EXERCISE DETAILS: Your answer must be an exact copy of the data below, minus any pictures.

INFORMATION SHOWN:
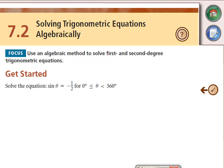Section 7.2 — we're now looking at algebraically solving trig equations. A lot of times if it's a multiple choice or numerical response question, you can do it graphically. However, for any written questions you've got to do it algebraically, so it's very important to know this part.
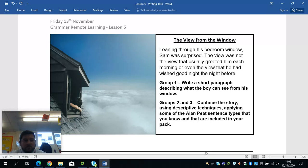The title of this is called The View from the Window. As you can see, there is a boy peering from his — what looks like — attic window, so that would be the room at the top of his house, peering, and he's over and above the clouds. I've written a very short opener for you to use that might help you start a story.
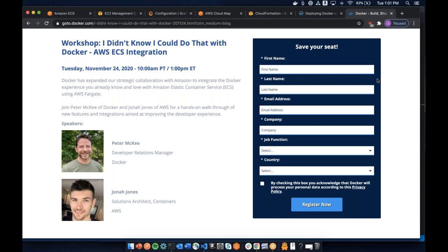Hello everybody, welcome to today's workshop, thanks for joining us. My name is Peter McKee, I'm a developer relations manager here at Docker. Today we have Jonah Jones, a solutions architect for containers from AWS. He's going to give a talk and then a demo around AWS ECS integration. Hey Jonah, thanks for joining us.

TASK OUTPUT:
Section 7.2 — we're now looking at algebraically solving trig equations. A lot of times if it's a multiple choice or numerical response question, you can do it graphically. However, for any written questions you've got to do it algebraically, so it's very important to know this part.
The title of this is called The View from the Window. As you can see, there is a boy peering from his — what looks like — attic window, so that would be the room at the top of his house, peering, and he's over and above the clouds. I've written a very short opener for you to use that might help you start a story.
Hello everybody, welcome to today's workshop, thanks for joining us. My name is Peter McKee, I'm a developer relations manager here at Docker. Today we have Jonah Jones, a solutions architect for containers from AWS. He's going to give a talk and then a demo around AWS ECS integration. Hey Jonah, thanks for joining us.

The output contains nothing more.